◆ Your goal: For this listing, reproduce the line with "Samochód uderzył w kamienicę", the line with "2958 Frederick St - Photo 2 of 8", and the lines between, exactly as they stand. Leave out pictures and all other lines.

◆ The data:
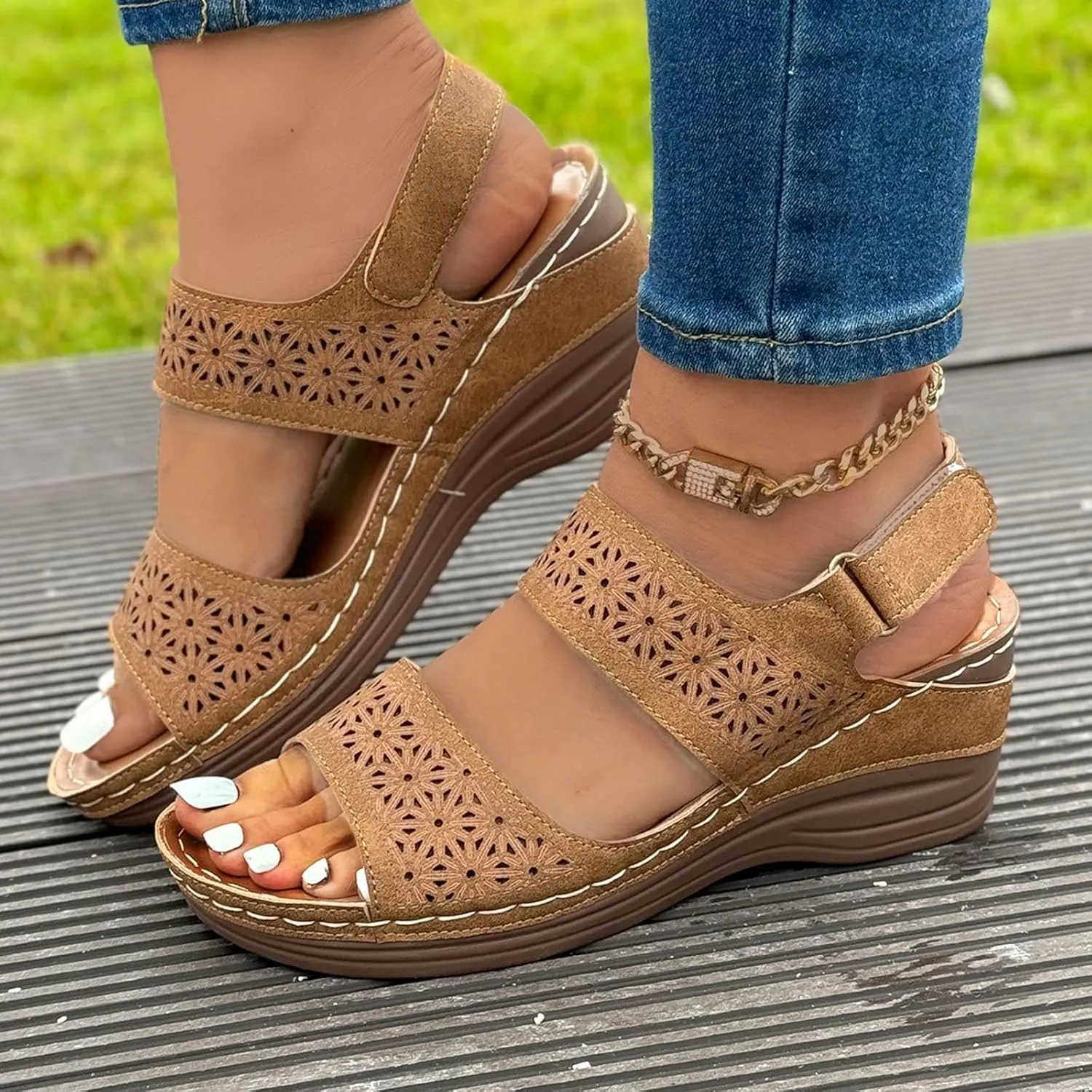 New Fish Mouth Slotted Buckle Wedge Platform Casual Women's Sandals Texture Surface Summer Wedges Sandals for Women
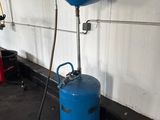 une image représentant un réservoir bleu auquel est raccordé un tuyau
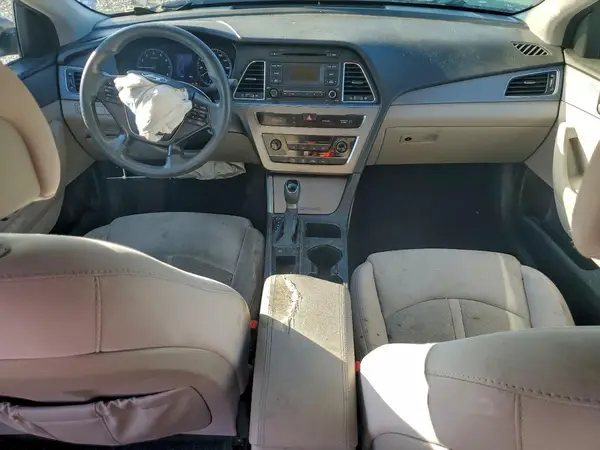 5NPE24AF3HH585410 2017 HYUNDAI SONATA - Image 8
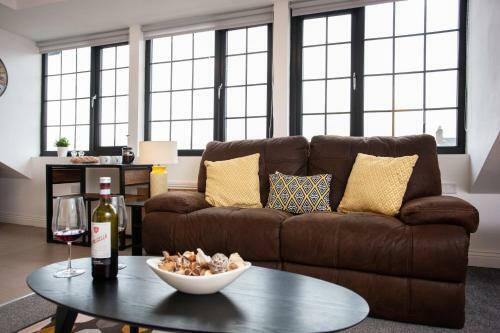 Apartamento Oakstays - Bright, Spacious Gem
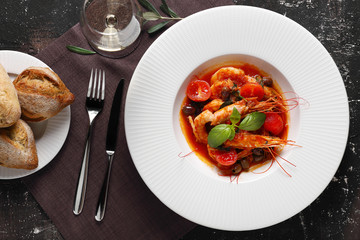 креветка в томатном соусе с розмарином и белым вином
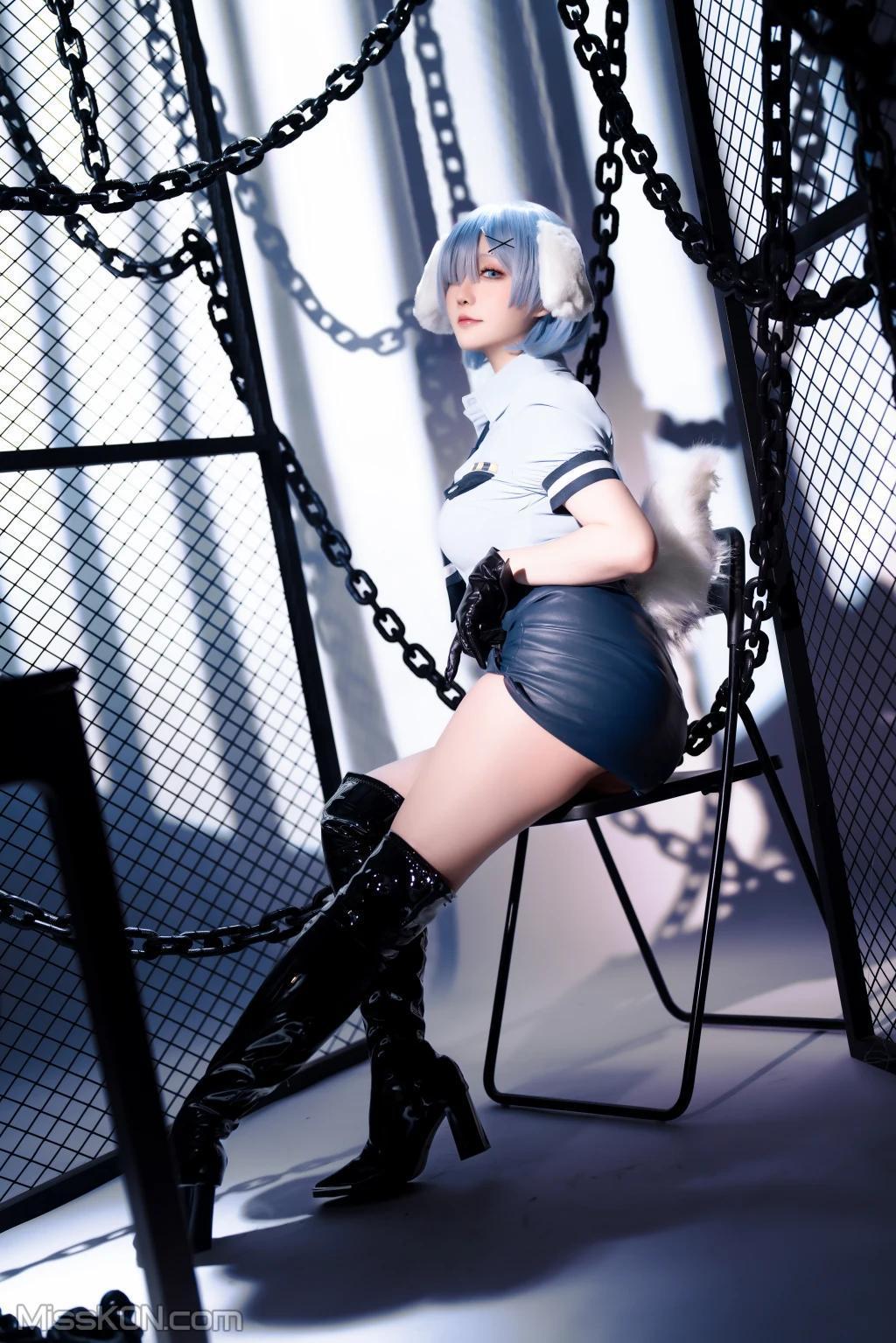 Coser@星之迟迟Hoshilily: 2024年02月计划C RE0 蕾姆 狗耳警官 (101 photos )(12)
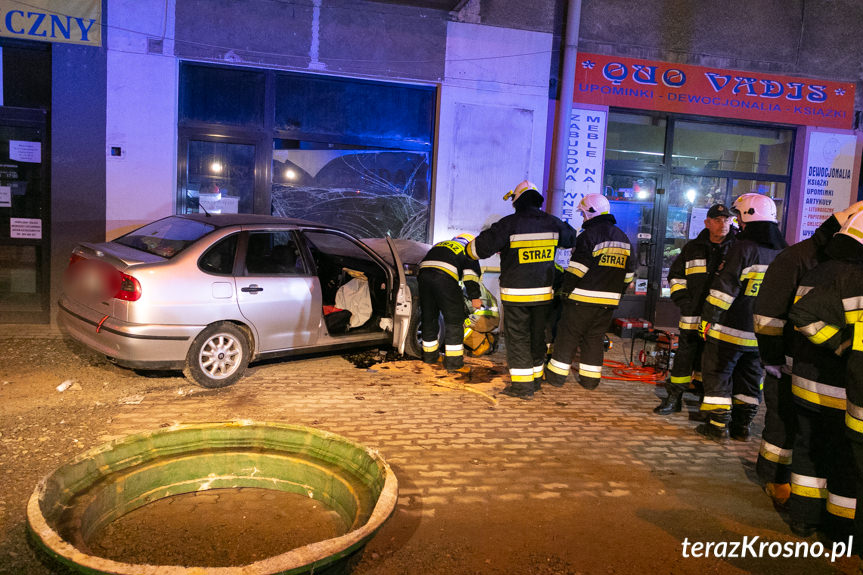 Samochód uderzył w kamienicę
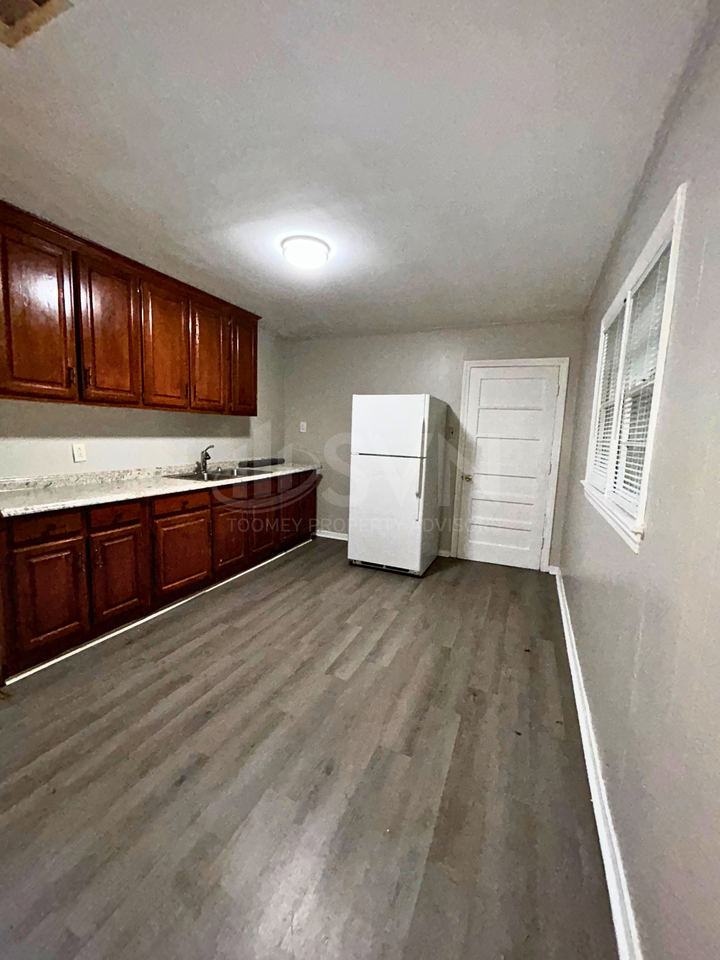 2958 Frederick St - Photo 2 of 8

...

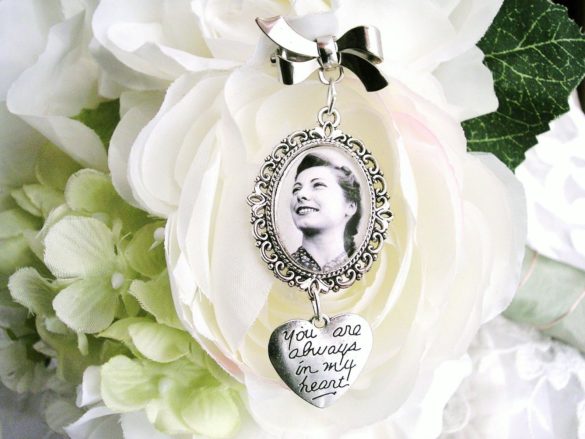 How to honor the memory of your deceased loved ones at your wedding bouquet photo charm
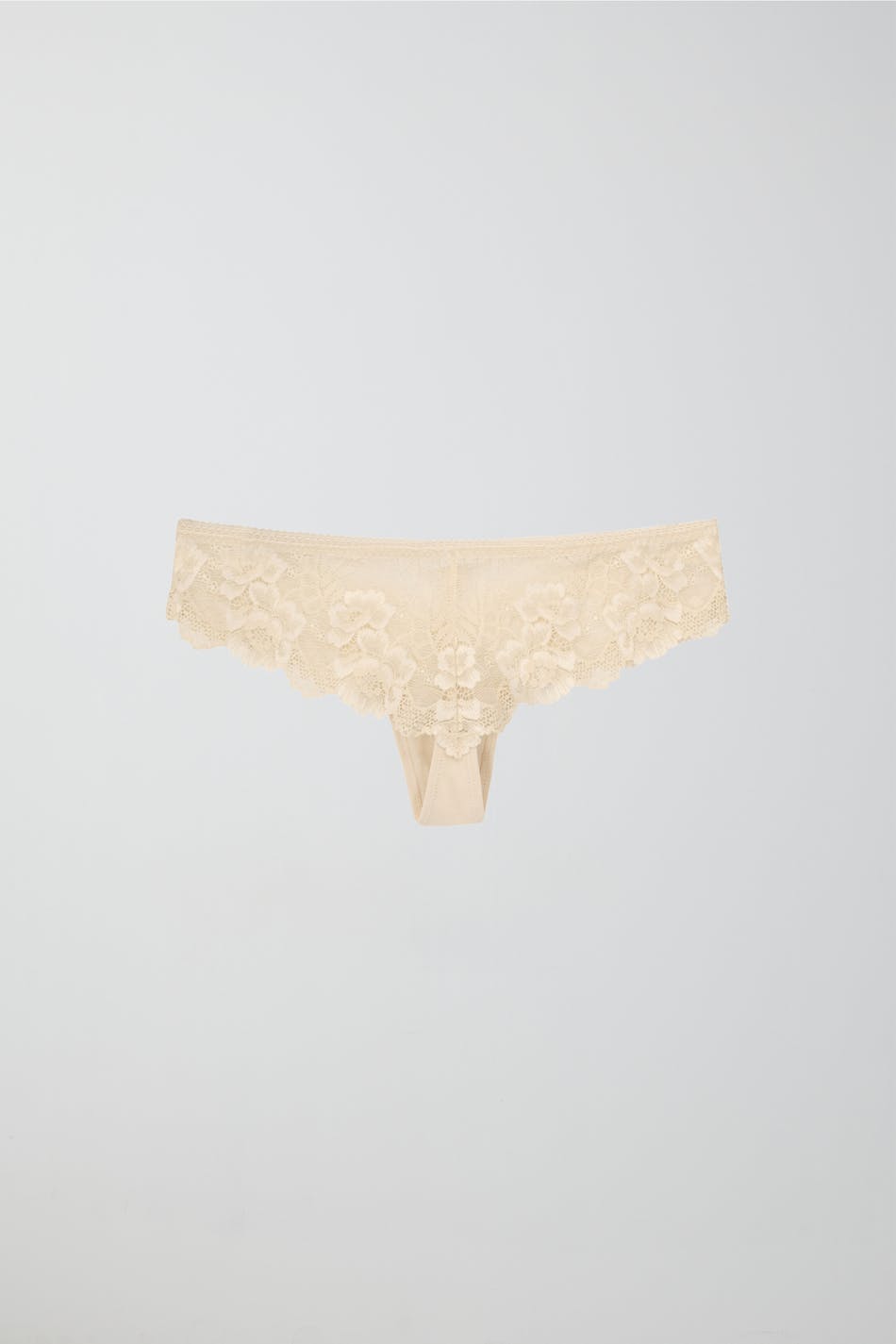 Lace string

◆ Response box:
 Samochód uderzył w kamienicę
 2958 Frederick St - Photo 2 of 8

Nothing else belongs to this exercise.